### THE DATA
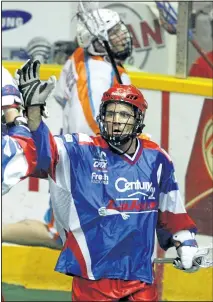  ?? CLIFFORD SKARSTEDT/EXAMINER FILE PHOTO ?? Peterborou­gh Lakers' Brad Self celebrates a goal. Self has become the fifth member of the 2015 Peterborou­gh Lakers to be named to Team Canada at the world indoor lacrosse championsh­ips.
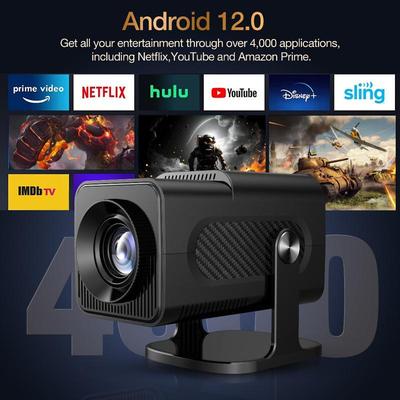 HY320 Mini 4K Android Smart Projector - Full HD, Bluetooth & WiFi Enabled.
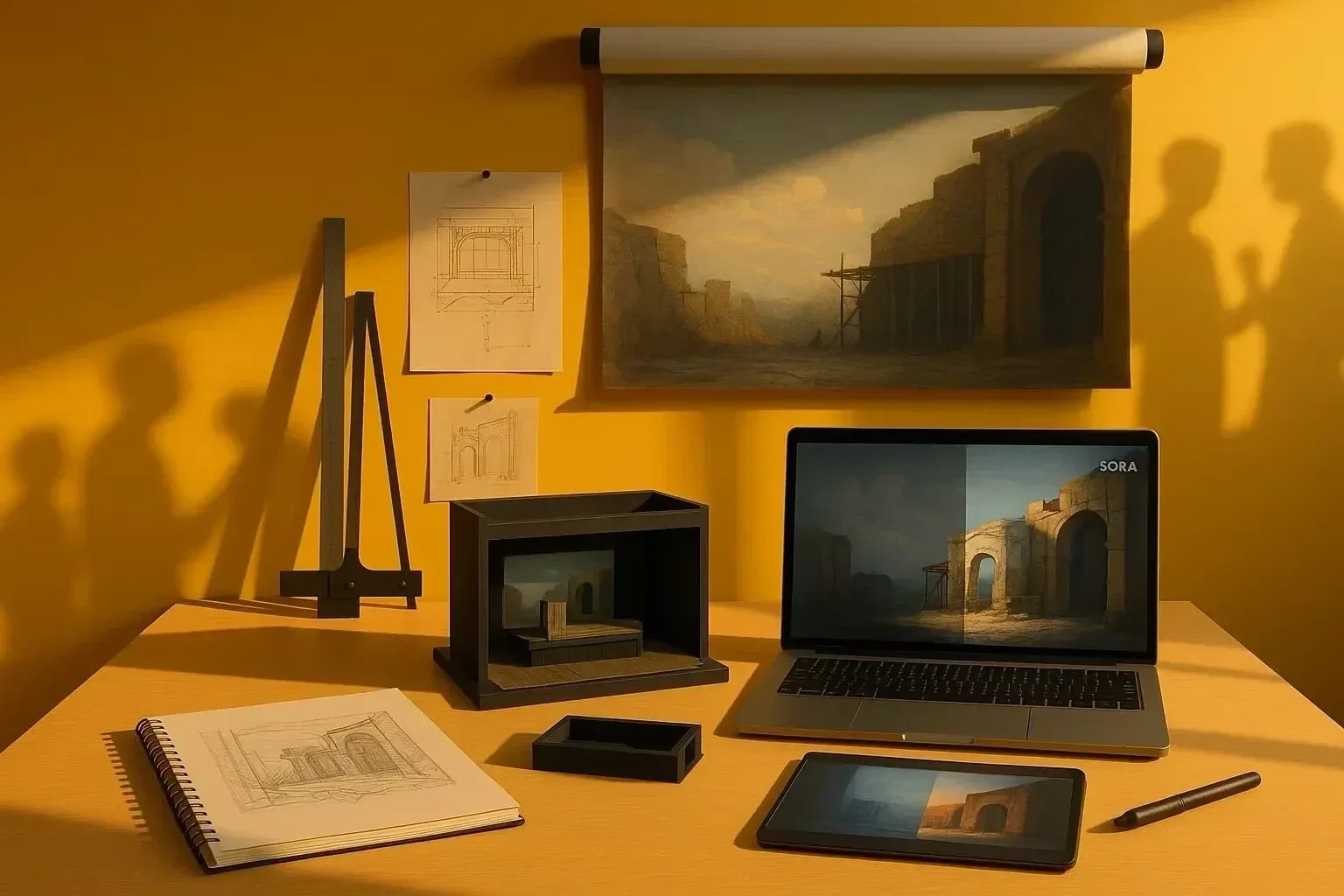 Desk with architectural sketches, a laptop, and a tablet displaying ruins against a yellow wall with shadows and drawings.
######
Please return the whole listing exactly. Do not copy its images.

  ?? CLIFFORD SKARSTEDT/EXAMINER FILE PHOTO ?? Peterborou­gh Lakers' Brad Self celebrates a goal. Self has become the fifth member of the 2015 Peterborou­gh Lakers to be named to Team Canada at the world indoor lacrosse championsh­ips.
 HY320 Mini 4K Android Smart Projector - Full HD, Bluetooth & WiFi Enabled.
 Desk with architectural sketches, a laptop, and a tablet displaying ruins against a yellow wall with shadows and drawings.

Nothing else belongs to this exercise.